[Items from a data source]
• • • • •

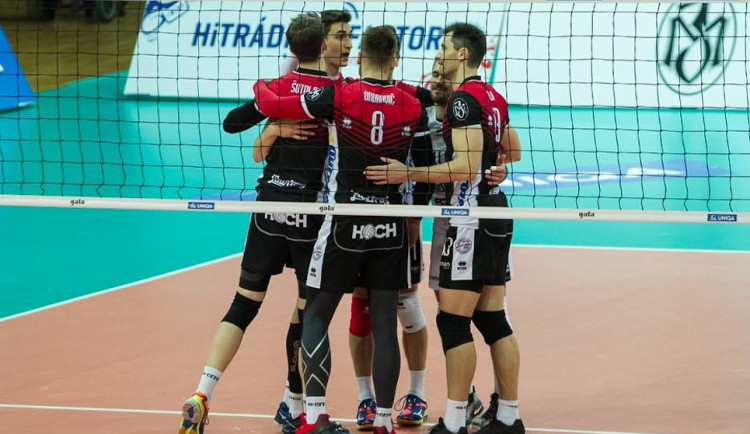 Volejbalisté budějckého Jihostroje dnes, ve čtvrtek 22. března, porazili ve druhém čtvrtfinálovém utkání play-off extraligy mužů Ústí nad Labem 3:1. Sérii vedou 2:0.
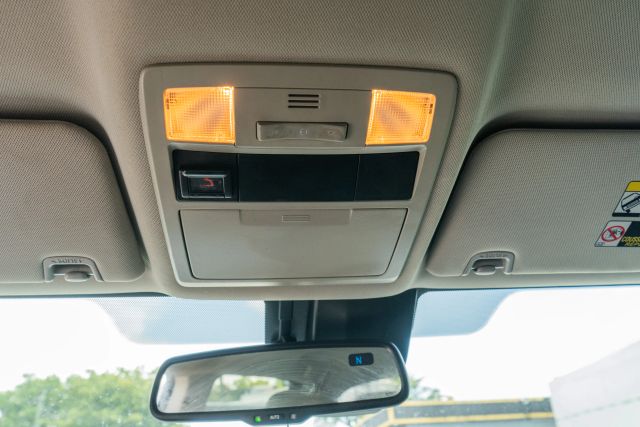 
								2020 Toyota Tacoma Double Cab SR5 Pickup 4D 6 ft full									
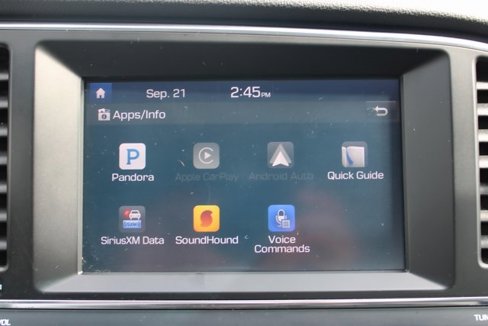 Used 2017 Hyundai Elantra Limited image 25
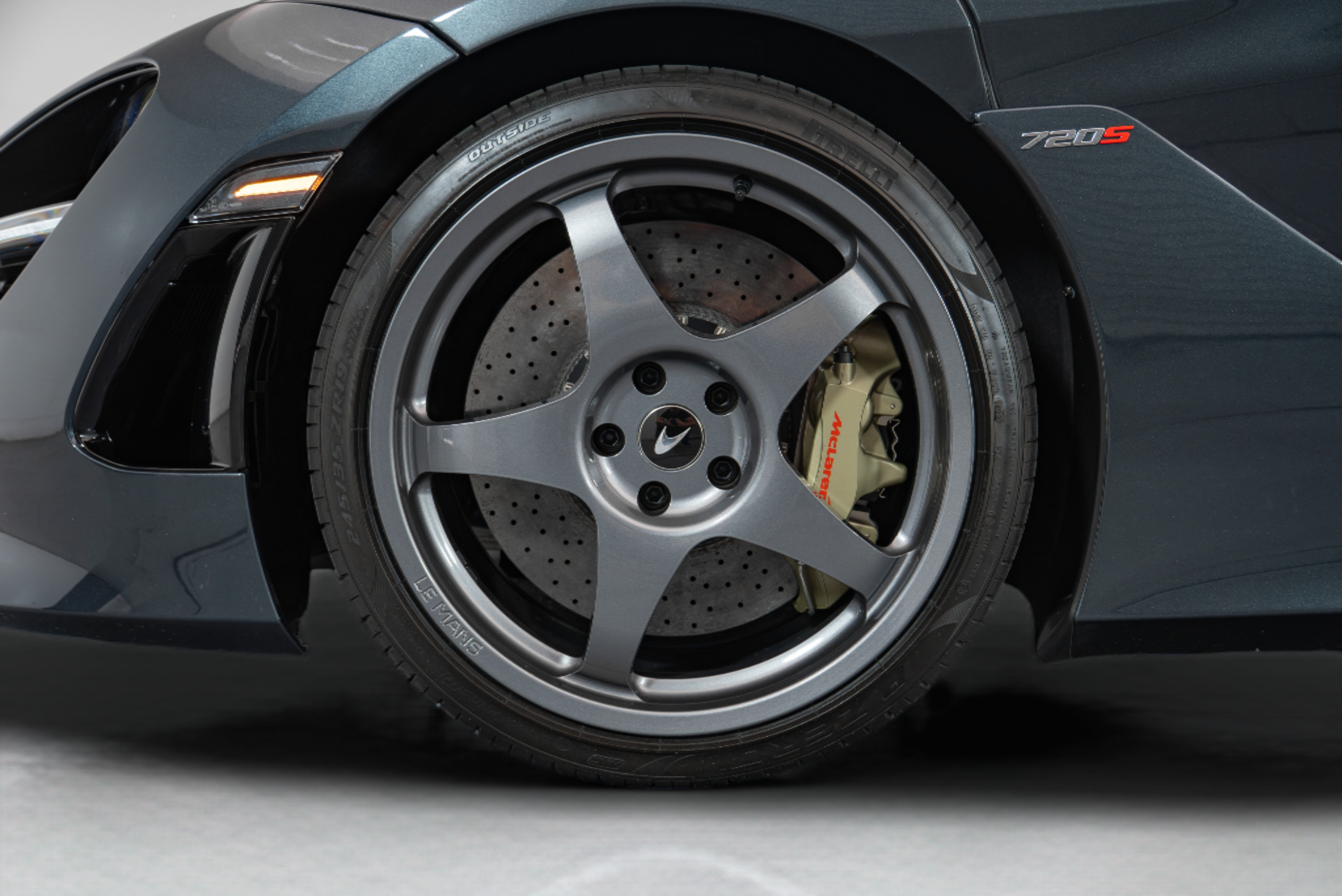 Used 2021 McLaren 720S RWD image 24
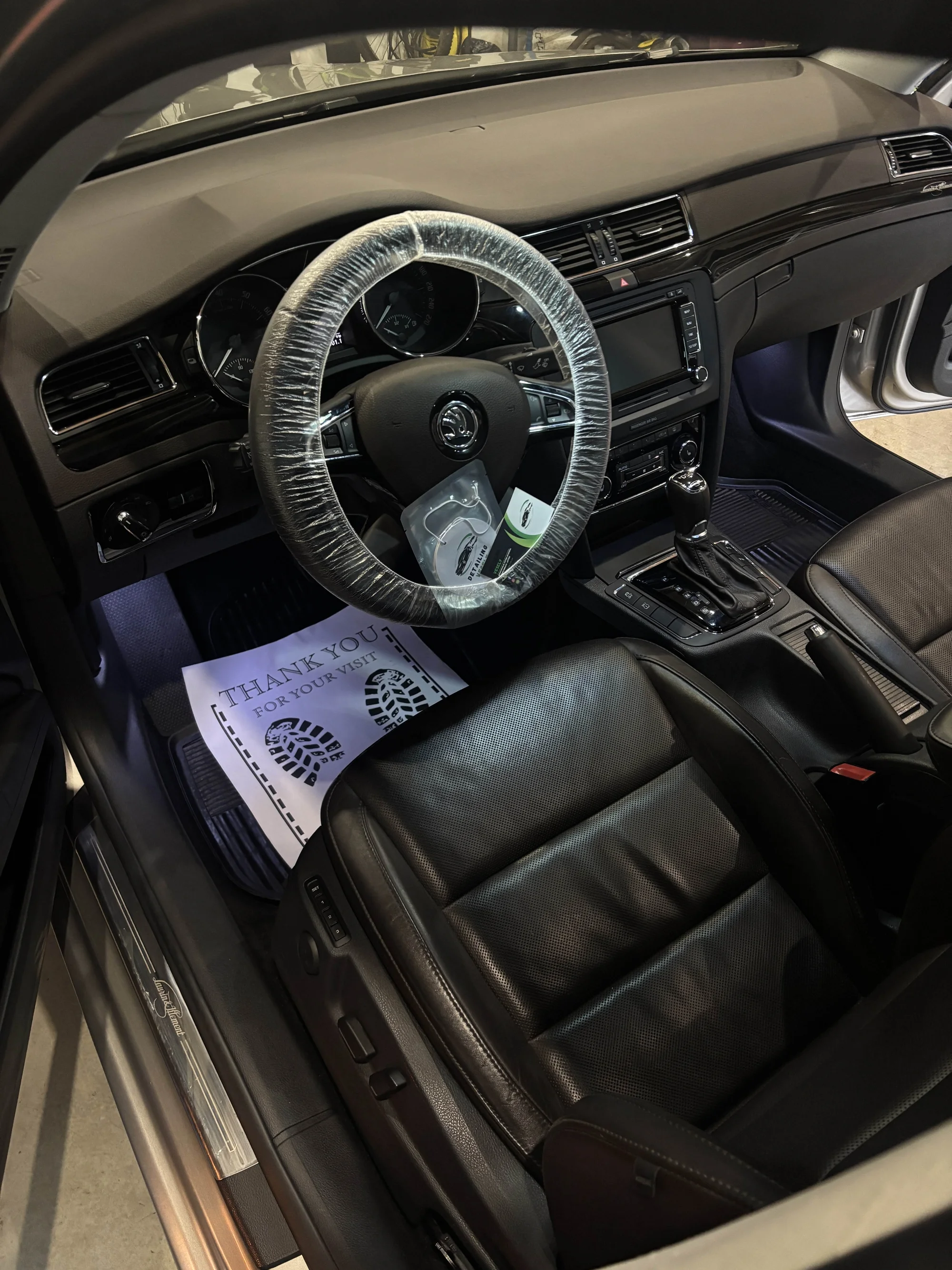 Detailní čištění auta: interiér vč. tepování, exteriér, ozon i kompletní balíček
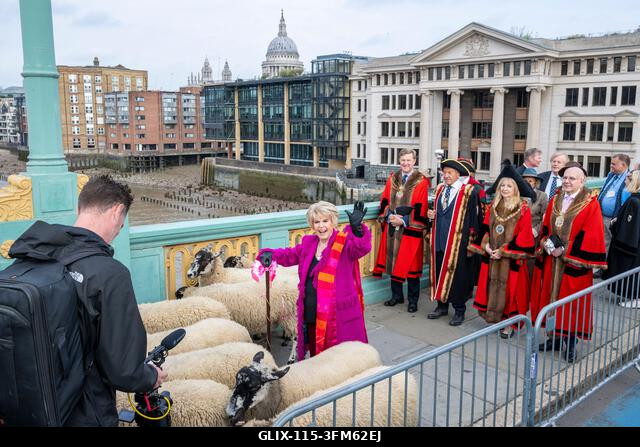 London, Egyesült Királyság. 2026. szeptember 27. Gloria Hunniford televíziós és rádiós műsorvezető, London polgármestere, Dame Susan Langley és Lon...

• • • • •

Task details |
Print every entry exactly. Pictures are not part of the copy.

Result |
 Volejbalisté budějckého Jihostroje dnes, ve čtvrtek 22. března, porazili ve druhém čtvrtfinálovém utkání play-off extraligy mužů Ústí nad Labem 3:1. Sérii vedou 2:0.
								2020 Toyota Tacoma Double Cab SR5 Pickup 4D 6 ft full									
 Used 2017 Hyundai Elantra Limited image 25
 Used 2021 McLaren 720S RWD image 24
 Detailní čištění auta: interiér vč. tepování, exteriér, ozon i kompletní balíček
 London, Egyesült Királyság. 2026. szeptember 27. Gloria Hunniford televíziós és rádiós műsorvezető, London polgármestere, Dame Susan Langley és Lon...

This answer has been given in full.